In about two minutes away from Walker, Johnson was on the ice for three shot attempts for and zero against. We’re obviously dealing in very small samples here, but Johnson only played 10:57 so it’s fair to say the coaching staff wasn’t thrilled with his play.
Walker didn’t get much more at 14:24 but away from Johnson, he was on the ice for four shot attempts for and two against. It’s not overwhelming but given the very hit-or-miss results of Sam Girard and Josh Manson on the second pairing, I’m wondering if Bednar might be better served trying to go with Girard-Walker and Johnson-Manson.
There are obvious drawbacks to both as that second pairing would be small and lack any physicality and the third pairing would lack any puck-moving acumen, but Colorado’s third pairing was close to unplayable they were so awful in this game.
I’m open to the idea that Bednar will better be able to protect this pairing in Denver with the last-change advantage but if this comes back to Dallas for Game 7, it is something to keep an eye on.
That Dallas PP goal
What the actual hell is this? Both Lehkonen and Sam Girard completely blew this. This is shockingly bad.
Avs Unsung Heroes
Nathan MacKinnon and Mikko Rantanen
Let’s talk for a minute about these two guys. They are legitimate superstars and their volatility in this series is a major reason the Avalanche are down 3-2 but their play tonight is a major reason their season didn’t end.
I’ll start with MacKinnon.
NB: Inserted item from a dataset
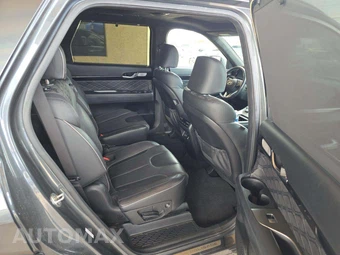 2020 Hyundai Palisade Limited - miniatura 17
I’m fast-forwarding to the fifth goal because it was the dagger that sealed this game away.
It starts with MacKinnon beating Jamie Benn on a faceoff and you can see their faceoff numbers in the game at the start of the clip (thanks, ESPN!). That’s a big win for MacKinnon no matter how you slice it, but Josh Manson getting it up the ice to Lehkonen created a nice chance.
Lehkonen does an excellent job when he sees he’s cut off by Benn and Esa Lindell. Where I’m confused is with Benn, who circles around to a meaningless piece of ice. Lindell didn’t have the puck and wasn’t in a puck battle, so providing support there doesn’t do anything for them and it opens up a ton of ice for MacKinnon.
It ends predictably with MacKinnon scoring and restoring the two-goal lead to Colorado. This was Colorado’s top line flat-out outplaying Dallas.
Let’s move on to Rantanen.
The go-ahead goal early in the third period begins with Rantanen getting a puck deep and going to work in the corner. This wouldn’t normally be notable but the Stars scored a big goal already in this series because Rantanen got lazy on trying to get a puck deep.
The fun really begins with the puck battle in the corner and Rantanen hits Chris Tanev and then obliterates Joe Pavelski. As Zach Parise wins the puck out of the corner, Pavelski is slow to get up (presumably because he just got run over by a moose).
Colorado gets the puck out high to Sam Girard and Rantanen goes to the front of the net. Instead of actually playing hockey, Pavelski is more focused on trying to get revenge on Rantanen for the huge hit, causing chaos in front of the Dallas net.
Parise makes a great play to try to bat the puck out of the air and into the yawning cage and Casey Mittelstadt gets lucky on the finish as it hits the post and Jake Oettinger’s skate and into the net, but all of this started with the physicality of Rantanen. That’s a key element for Rantanen because when properly engaged he is one of the league’s true power forwards but he just hasn’t been that guy very often this series.
Now, both of these guys are down here because their offensive exploits were critical but the other areas of the game still included ugliness. MacKinnon combined with Devon Toews (he had plenty of issues of his own tonight) for a terrible failed clear that became the third Dallas goal and Rantanen took an inexplicably dumb penalty right after MacKinnon made it 5-3, opening the door for the dangerous Stars power play to attempt to stage a comeback.